WORK INSTRUCTIONS: Repeat these records exactly, pictures excluded.

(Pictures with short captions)
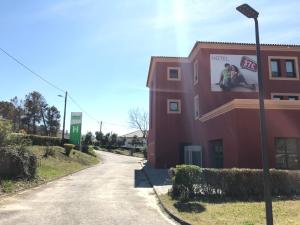 O edifício em que o hotel se localiza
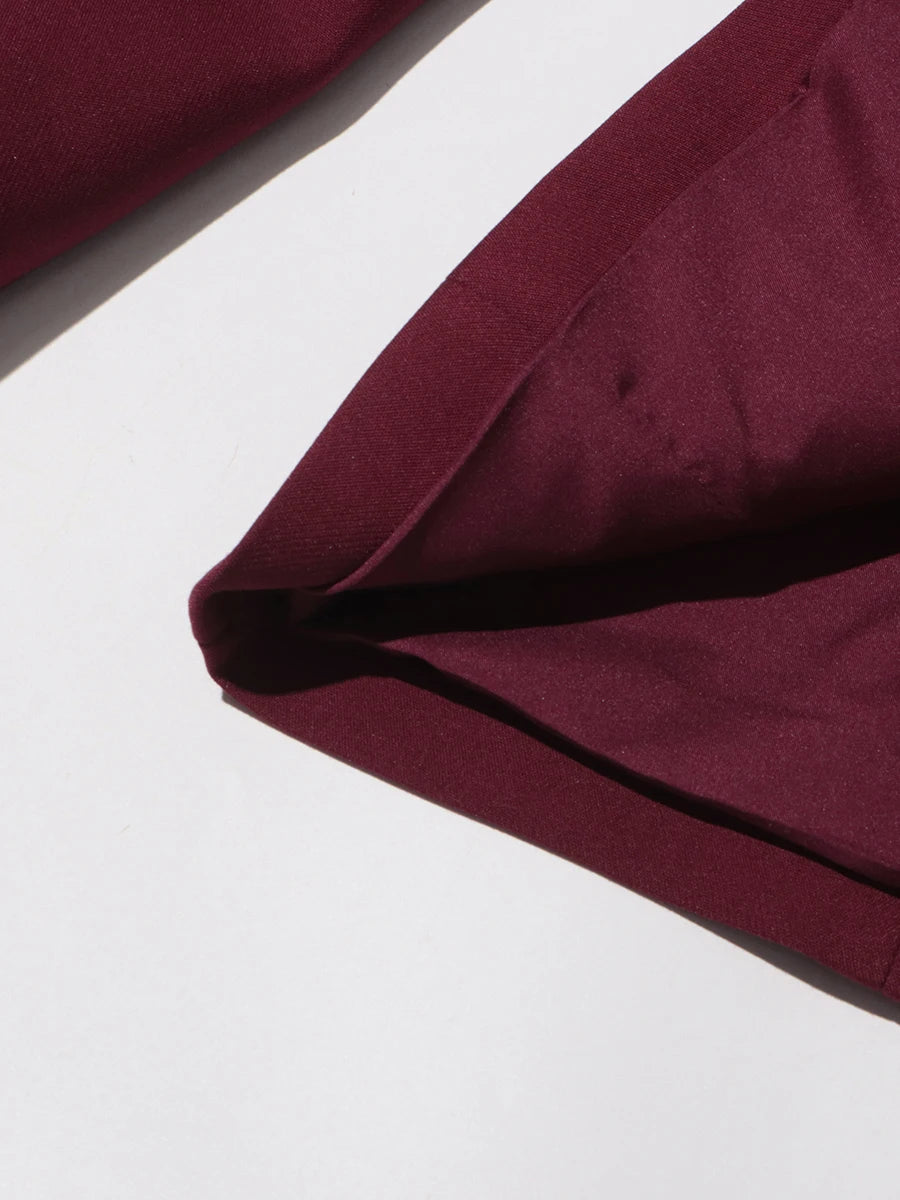 Conjunto de Alfaiataria – Blazer com Gola Alta e Calça de Cintura Alta com Botões Decorativos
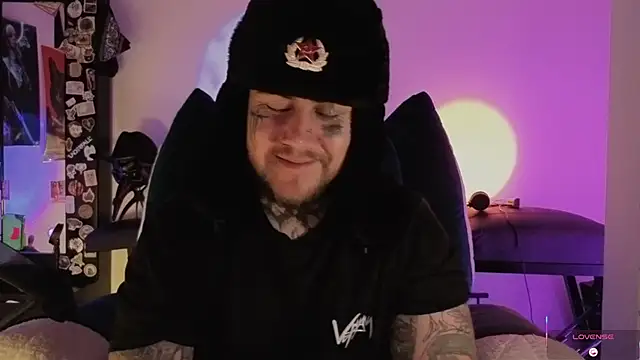 Ash gusbig online show from November 29, 2025, 4:37 am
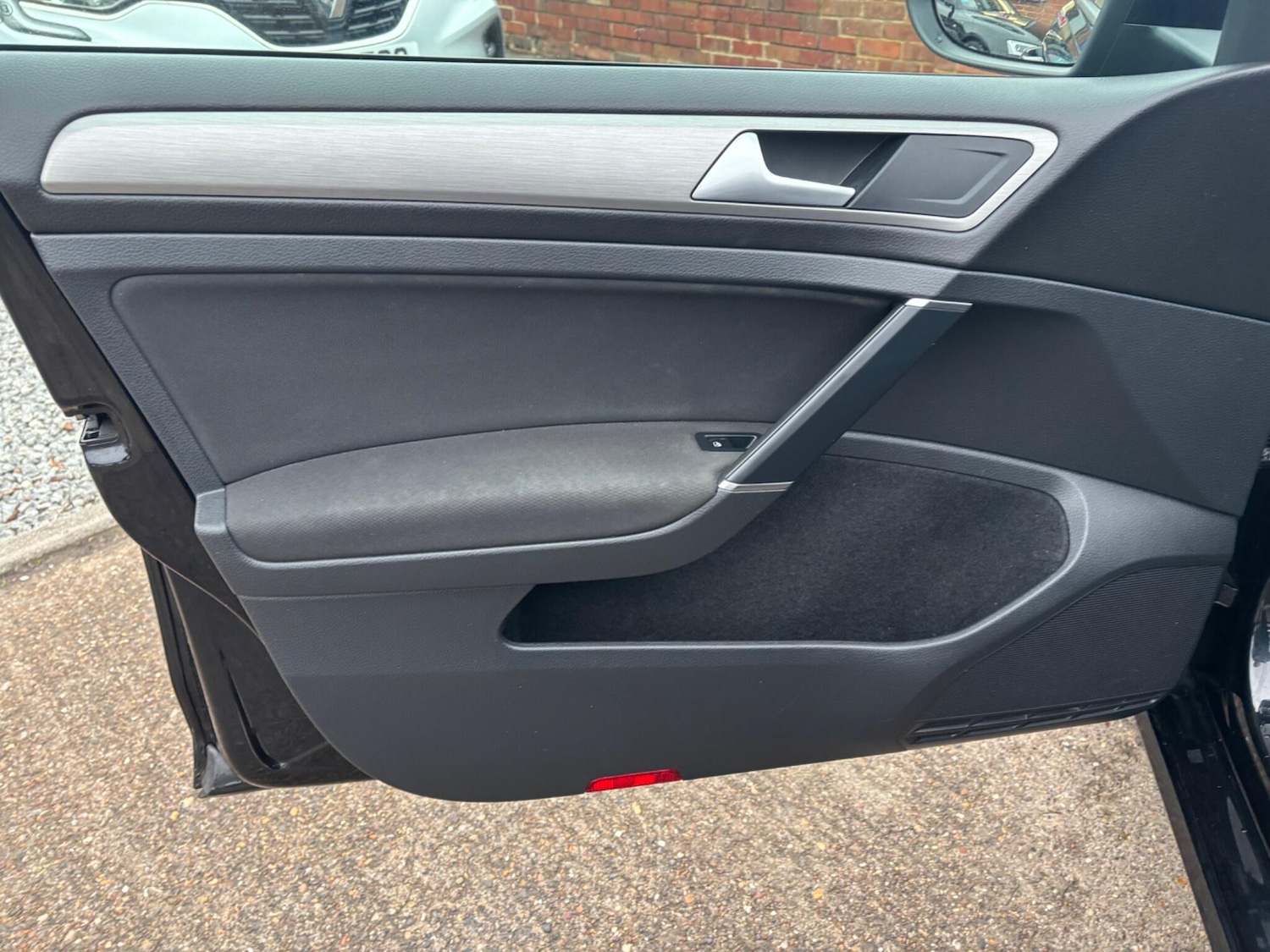 Used Volkswagen Golf 2015 for sale - 76714384: Photo 24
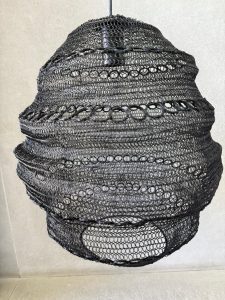 ⁦מנורת רשת שחורה עגולה⁩ – תמונה ⁦6⁩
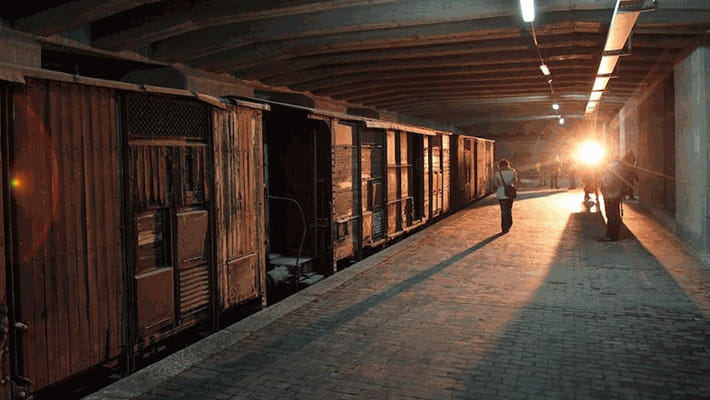 Liliana Segre Holocaust Auschwitz survivors Binario 21 Milano 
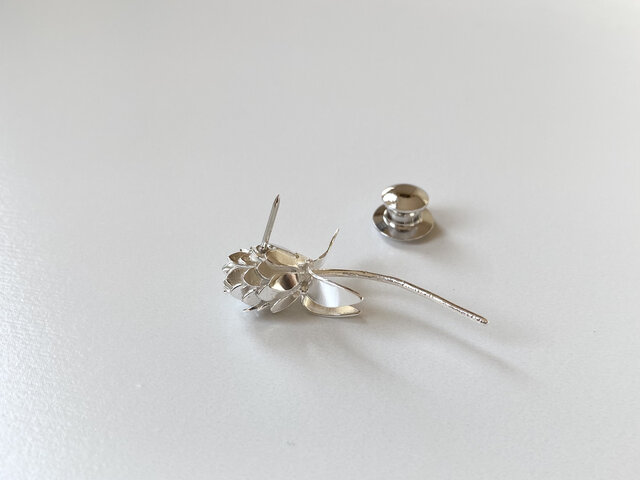 千日紅のピンブローチ | iichi 日々の暮らしを心地よくする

EXERCISE ANSWER:
 O edifício em que o hotel se localiza
 Conjunto de Alfaiataria – Blazer com Gola Alta e Calça de Cintura Alta com Botões Decorativos
 Ash gusbig online show from November 29, 2025, 4:37 am
 Used Volkswagen Golf 2015 for sale - 76714384: Photo 24
 ⁦מנורת רשת שחורה עגולה⁩ – תמונה ⁦6⁩
 Liliana Segre Holocaust Auschwitz survivors Binario 21 Milano 
 千日紅のピンブローチ | iichi 日々の暮らしを心地よくする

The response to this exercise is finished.